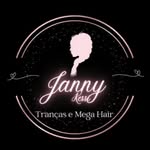 janny tranças e mega hair - @jannytrancasafro - Instagram
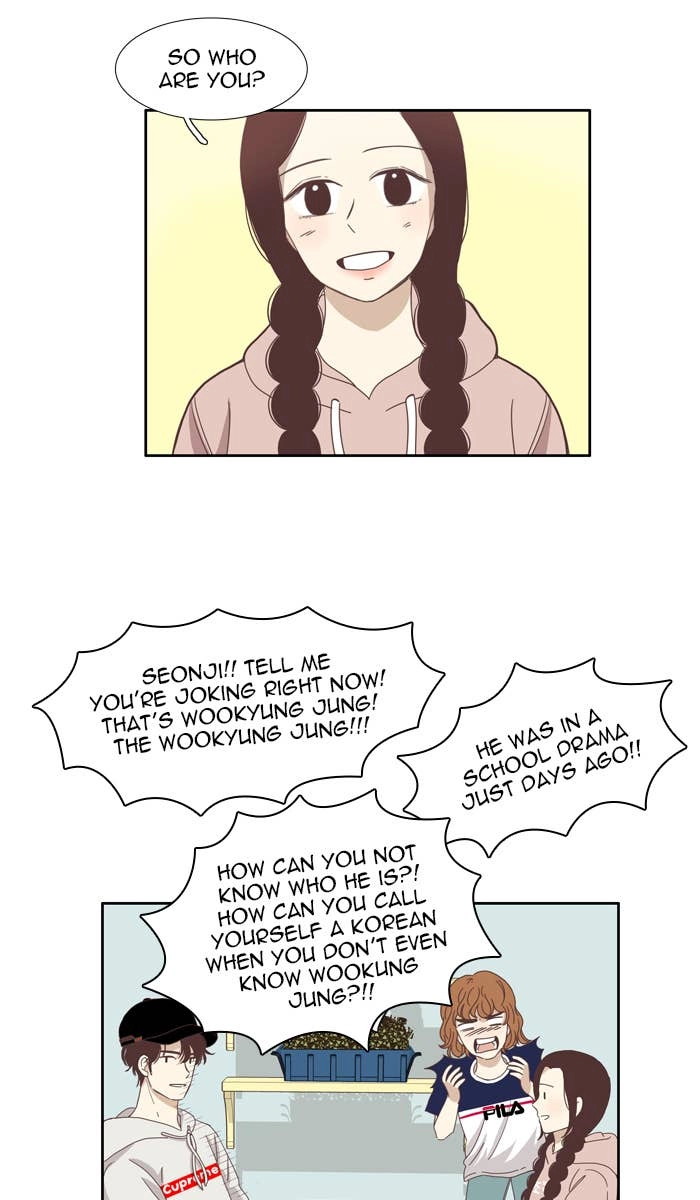 Odd Girl Out Chapter 121 Page 14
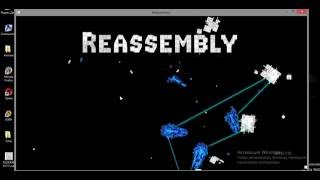 Как экспортировать\установить флот\корабль для Reassembly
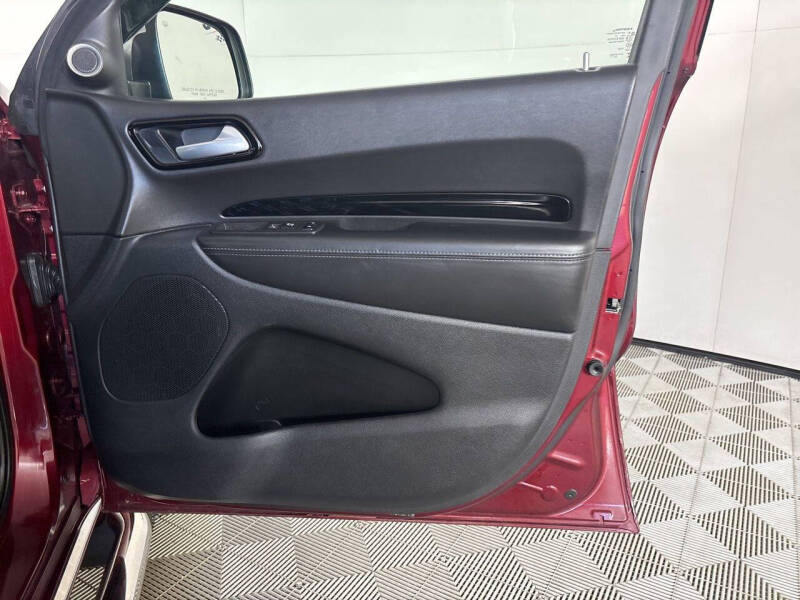 2022 Dodge Durango Citadel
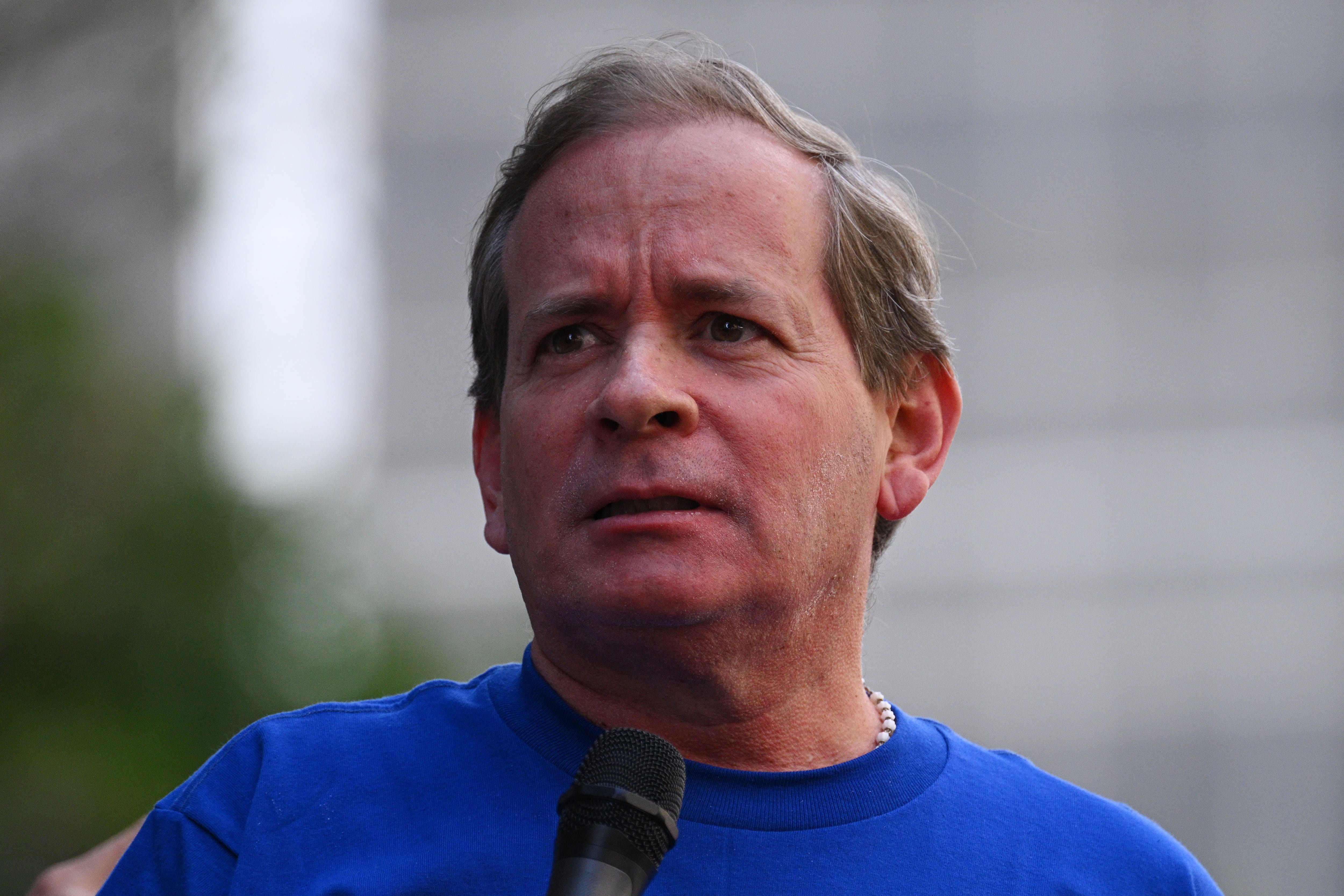 En la imagen, Juan Pablo Guanipa, aliado de María Corina Machado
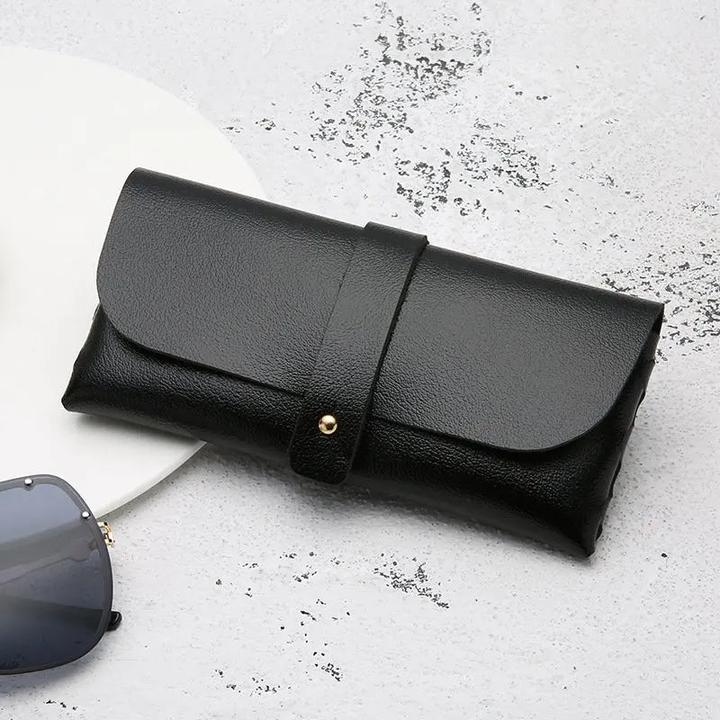 Only-Bags.Store Unisex Klassische Brillentasche Schutzhülle Abdeckung Tragbare Sonnenbrillenetui Box Lesebrillenbox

• • • • •

**What is needed:**
The required output is the line containing "2022 Dodge Durango Citadel" plus every line after it to the end of the data, copied exactly and with no pictures.

**Task solution:**
 2022 Dodge Durango Citadel
 En la imagen, Juan Pablo Guanipa, aliado de María Corina Machado
 Only-Bags.Store Unisex Klassische Brillentasche Schutzhülle Abdeckung Tragbare Sonnenbrillenetui Box Lesebrillenbox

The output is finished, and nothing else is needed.